Natuurlijk zijn er nog steeds mensen die de vervangingsprognoses uit 2007 geloven en denken dat werkgevers iedereen die de komende jaren met pensioen gaat direct zullen vervangen door een Nederlandse professional. Maar laten we onze ogen open houden. Op de dag dat het UWV haar vacatureonderzoek publiceerde stelde de bestuursvoorzitter van Randstad dat het tijd was om 80.000 IT-ers uit het buitenland te halen. Robotoptimisten blijven – meestal zonder enige kwantitatieve onderbouwing – roepen dat er best wel heel veel banen ontstaan door de automatisering; maar ze spreken zelden uit dat het helemaal niet zo vanzelfsprekend is dat dit banen voor Nederlanders zijn. En als je ziet hoe het onderwijsveld en de Tweede Kamer omgaan met het voorstel voor de onderwijsvernieuwing van het Platform2032 (het woord ‘digitalisering’ wordt door sommige Kamerleden uitgesproken alsof het een enge ziekte betreft), dan weet je vrij zeker dat Nederland die boot gaat missen.
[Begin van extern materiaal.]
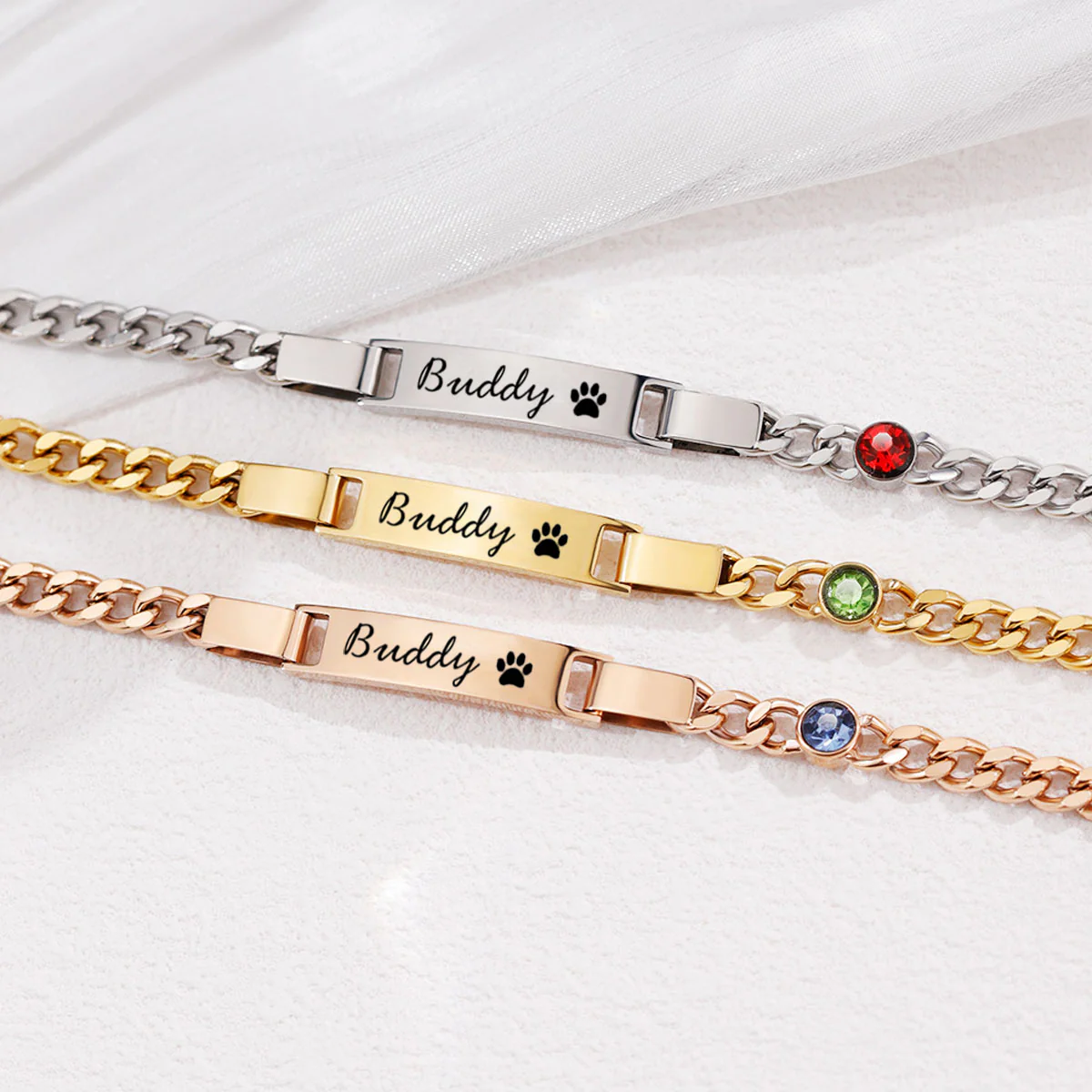 Engraved Pet Paw Name Birthstone Bracelet - Personalized Stainless Steel Bracelet - Image 7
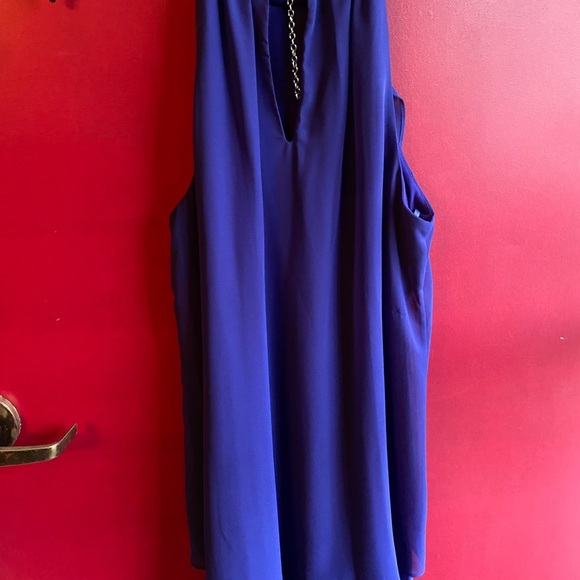 SLNY Royal Blue (Iris) Halter ish Chiffon Cocktail Dress Size 14 NWT - Picture 3 of 4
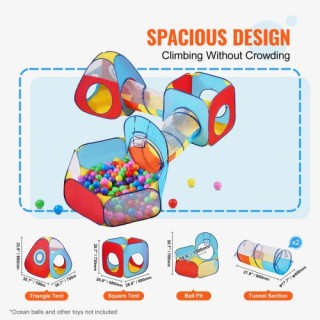 Παιδική Σκηνή Παιχνιδιού 5 σε 1 με Τούνελ & Μπασκέτα - VEVOR PPSDZ... Παιδική Σκηνή Παιχνιδιού 5 σε 1 με Τούνελ & Μπασκέτα - VEVOR PPSDZ...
We hebben ons nu twee jaar door het optimisme van de ‘na de crisis komt er werk’-lobby heen moeten bijten. Ze hadden een beetje gelijk: na de crisis komt er werk. Maar er is niet genoeg werk, en zelfs als de groei nog even doorzet komt er niet genoeg werk.
Het wordt nu tijd voor een ander optimisme: het optimalisme. Als we nu eens samen gaan nadenken over optimale oplossingen dan komen we echt wel een heel eind. Er zijn nog wel wat extra mogelijkheden om massa te maken door grote, potentieel zeer rendabele klussen op te pakken. Er zijn manieren om te zorgen dat elke euro een extra rondje maakt door de Nederlandse economie voordat we er een Japanse elektronicafabrikant of een Franse skileraar blij mee maken (het verlagen van de BTW op restauratie- en herstelwerk, bij voorbeeld). En dan nog hebben we niet iedereen aan het werk en liggen er maatschappelijke (verdelings- en cohesie)vraagstukken op ons bordje. Als verstandige mensen daar nu geen energie in gaan steken is de kans niet denkbeeldig dat de volgende verkiezingen gewonnen worden door nog minder verstandige politici.
Van de groei van de economie gaat het herstel van de arbeidsmarkt hoogstens voor een beetje komen. Zoveel hebben het UWV en het CPB deze maand duidelijk gemaakt. Dat is misschien even slikken, maar geen reden voor paniek. Integendeel: we weten nu zeker dat wachten niet helpt. Tijd voor nieuwe plannen!